Installing Python on your computer
==================================

**Author:** Ulrich G. Wortmann



## Installing Python locally



Many computers come with Python pre-installed. However, it is best to install a private python, so that your experiments won't interfere with your operating system. The best-known python distribution is `Conda` but the installation is huge and takes forever. Here we will use [https://github.com/conda-forge/miniforge](https://github.com/conda-forge/miniforge), which only installs a basic system. 

1.  Select the installer for your OS, and download the miniforge distribution
2.  Next we need to use the `mamba` packet manager to install the python packages we need (do not use the `conda` manager, it is really slow!).
3.  Open a command prompt and type the following:

    mamba install matplotlib numpy pandas statsmodels
    mamba install scipy pathlib argparse spyder

4.  Some of these may already be installed, and if you get errors that something is missing, you may need to install the missing libraries with mamba



## Runnig Python code from the cmd-line (terminal)



-   **Windows:** Start menu -> Power Shell
-   **Mac OS:** Open the Terminal app in the upper-right corner of the menu bar, or by pressing `Command-Space bar` and then typing "terminal".

Going forward, I will refer to either of these as shell



#### Navigating the terminal



Type the following commands (followed by the enter key) in your terminal 

-   **pwd:** print working directory - this will show you where you are
-   **ls:** list directory contents - this will show you what's there.
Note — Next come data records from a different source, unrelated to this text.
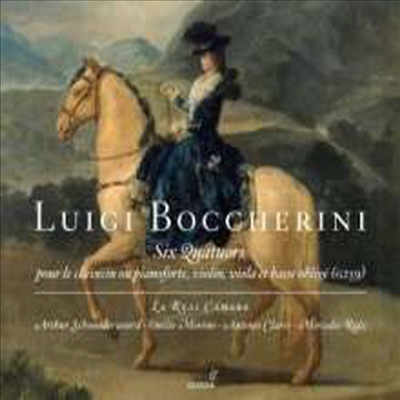 보케리니: 피아노 사중주 1 - 6번 (Boccherini: Piano Quartets Nos.1 - 6) - Arthur Schoonderwoerd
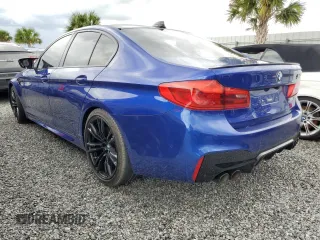 2019 BMW M5 Competition z VIN WBSJF0C51KB448614, wystawiony jako Copart lot #51231872 z przebiegiem 12 099 mil mil oraz . Historia ofert i sprzedaży dostępna na DreamBid. Obrazek 3.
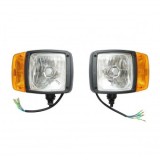 Set lampi tip far cu semnalizare dreapta si stanga 12V HR-A-023 Breckner Germany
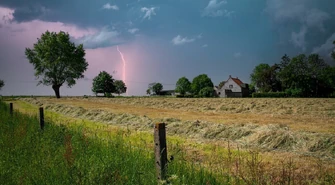 Zagrzmi i może spaść grad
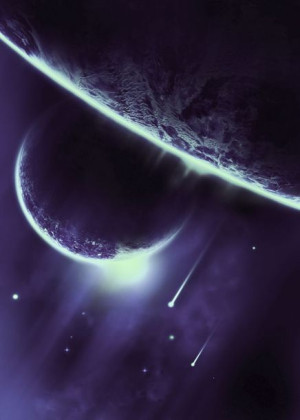 Deep Space, Mozart - plakat 30x40 cm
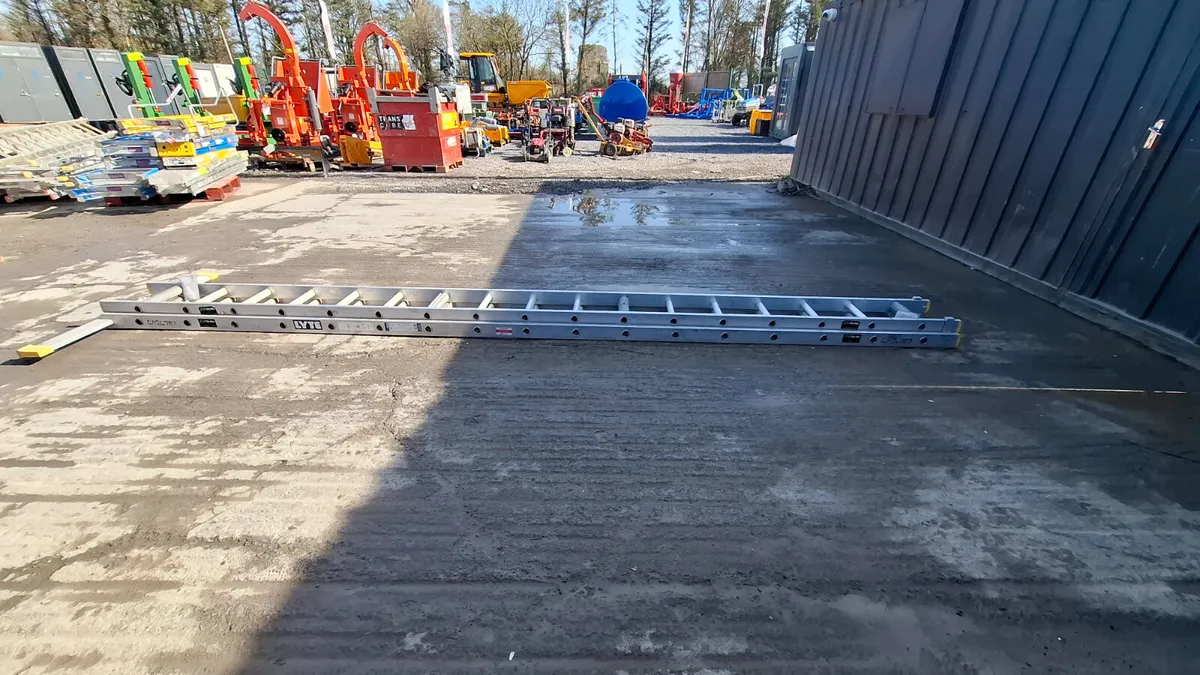 Lyte 15ft Double Ladder – Heavy Duty Extension Lad - Image 4
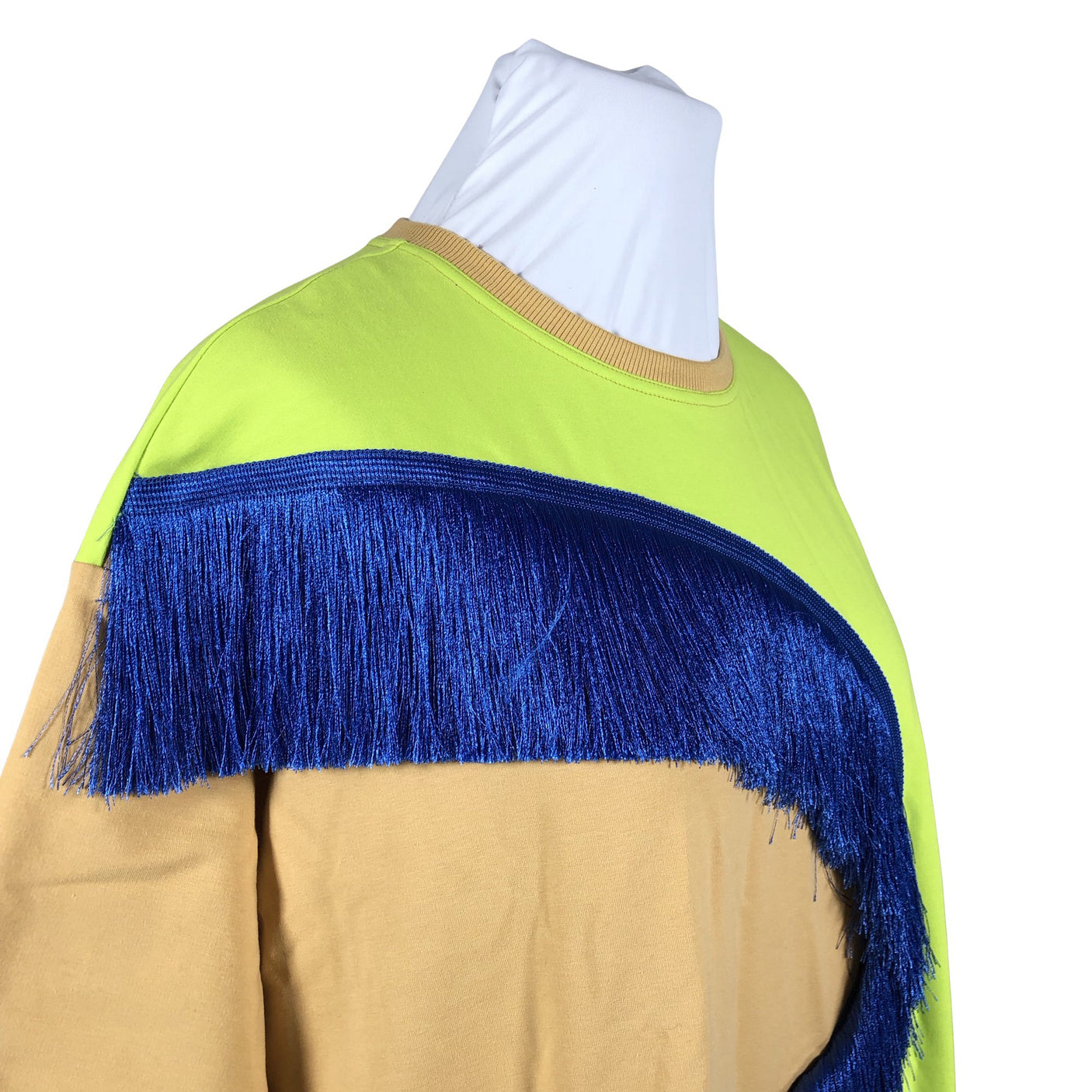 Unisex Vimma - Trikotaažist kleit, suurus 42 - Roheline (2)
A useful variation is `ls -al` which will also show hidden files
-   **cd:** change directory. This command requires the directory name as argument. `cd ..` will change into the directory above the current directory, `cd foo` will change into the directory foo (if it exists!)
-   **mkdir:** create a new directory, e.g.,  `mkdir bar` will create a new directory called 'bar'
-   **Tab:** the auto-completion key. This saves a lot of typing. It will autocomplete command names, file names, and directory names.



#### Testing your installation



-   open a cmd-line (powershell etc), and type python (or python3 if python does not work)
-   You should see a line stating something like this

    Python 3.11.5 | packaged by conda-forge | (main, Aug 27 2023, 03:34:09) [GCC 12.3.0] on linux
    Type "help", "copyright", "credits" or "license" for more information.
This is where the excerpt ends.